Wie man intransparentes Unionsrecht transparent umsetzt

Professor Dr. Christian Rolfs, Köln

Heft 7/2022

Foto des Autors von NZA-Editorial Heft 7/2022 Christian RolfsBis August muss der Gesetzgeber die Richtlinie 2019/1152/EU über transparente und vorhersehbare Arbeitsbedingungen in nationales Recht umsetzen. Ihre größte Herausforderung liegt darin, dass sie die Arbeitgeber verpflichtet, im Vertragsnachweis über „das bei der Kündigung des Arbeitsverhältnisses vom Arbeitgeber und vom Arbeitnehmer einzuhaltende Verfahren, einschließlich der formellen Anforderungen und der Länge der Kündigungsfristen“ zu informieren. Die potenziell zu beachtenden Verfahrensschritte lassen sich jedoch bei Beginn des Arbeitsverhältnisses nicht einmal ansatzweise mit Anspruch auf Vollständigkeit beschreiben. Anhörung des Betriebs- oder Personalrats, bei Funktionsträgern dessen Zustimmung bzw. gerichtliche Zustimmungsersetzung, bei Arbeitnehmern mit besonderem Kündigungsschutz die vorherige Zustimmung der nach Landesrecht zuständigen Behörde bzw. des Integrationsamts, Anhörung der Schwerbehindertenvertretung und Massenentlassungsanzeige bezeichnen nur schlagwortartig die Verfahrensschritte, die vom Arbeitgeber unter im Zeitpunkt des Vertragsabschlusses noch gar nicht absehbaren Umständen der Kündigung einzuhalten sind. Zudem ist die deutsche Sprachfassung „Kündigung“ wohl zu eng, in den meisten anderen Sprachen ist unspezifischer von „Beendigung“ (termination, cessation) die Rede, sodass auch Befristung, Aufhebungsvertrag etc. erfasst werden müssen. 

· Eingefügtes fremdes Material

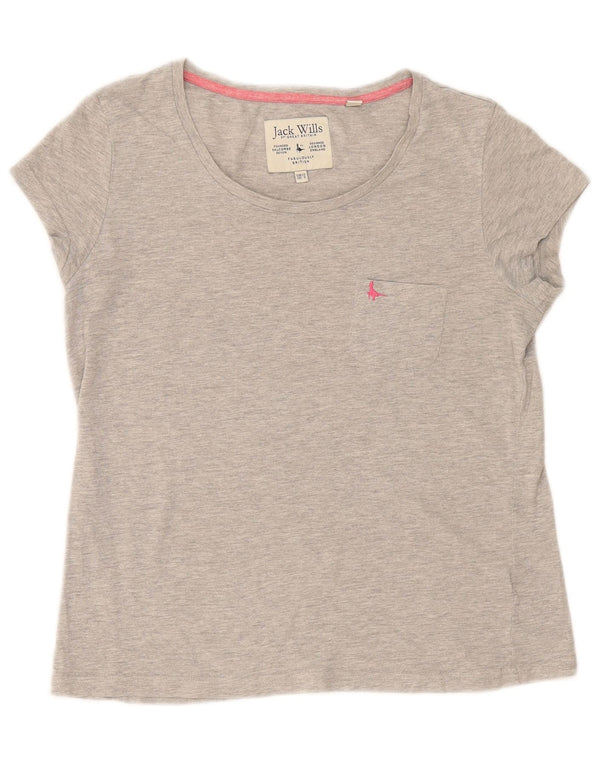 Jack Wills T-shirt pour femme en coton moucheté gris moyen UK 42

Der seit Jahresbeginn vorliegende Referentenentwurf zur Umsetzung der Richtlinie trägt zur Transparenz nichts bei. Er schlägt vor, das NachwG zu ergänzen, greift aber lediglich den Wortlaut der Richtlinie auf und ergänzt ihn um die Frist zur Erhebung der Kündigungsschutzklage. Damit liegt der Schwarze Peter zunächst bei den verpflichteten Arbeitgebern und später beim EuGH, der verbindlich entscheiden muss, was alles zu dem „Verfahren bei Kündigungen“ gehört. Die Großkommentare zum Kündigungsrecht erläutern dies präzise, benötigen dafür aber satte 3.000 Seiten. Kaum weniger überzeugend ist, dass der Entwurf sich auch über die Rechtsfolgen bei Verstößen ausschweigt. Das BAG hatte in der Vergangenheit mit einem auf Naturalrestitution gerichteten Schadensersatzanspruch gearbeitet. Das aber hilft hier nicht weiter, weil das Verfahren bei Kündigungen zwingendes Recht ist und eine unter Verstoß gegen § 623 BGB formlos erklärte Eigenkündigung des Arbeitnehmers nicht deshalb wirksam werden kann, weil im Vertragsnachweis der Hinweis auf den Schriftformzwang unterblieben ist. Ebenso wenig kann sich das Arbeitsgericht als Schadensersatz über die von Amts wegen zu beachtende dreiwöchige Klagefrist hinwegsetzen.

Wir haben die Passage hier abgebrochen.